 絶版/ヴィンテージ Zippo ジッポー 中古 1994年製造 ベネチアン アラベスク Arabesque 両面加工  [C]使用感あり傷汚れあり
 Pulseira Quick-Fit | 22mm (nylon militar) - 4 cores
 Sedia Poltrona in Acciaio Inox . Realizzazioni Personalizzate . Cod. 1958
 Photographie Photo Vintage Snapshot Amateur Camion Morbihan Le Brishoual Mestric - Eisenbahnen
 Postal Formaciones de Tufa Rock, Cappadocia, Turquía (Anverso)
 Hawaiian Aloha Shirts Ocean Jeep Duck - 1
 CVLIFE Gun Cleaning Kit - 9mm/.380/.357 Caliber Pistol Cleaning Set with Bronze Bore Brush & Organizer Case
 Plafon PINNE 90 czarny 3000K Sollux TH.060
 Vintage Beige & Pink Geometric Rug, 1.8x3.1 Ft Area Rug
***
WHAT IS EXPECTED:
Everything from the line containing "Plafon PINNE 90 czarny 3000K Sollux TH.060" through the final line of the records is what you should print, exactly and with nothing added.

OUTPUT:
 Plafon PINNE 90 czarny 3000K Sollux TH.060
 Vintage Beige & Pink Geometric Rug, 1.8x3.1 Ft Area Rug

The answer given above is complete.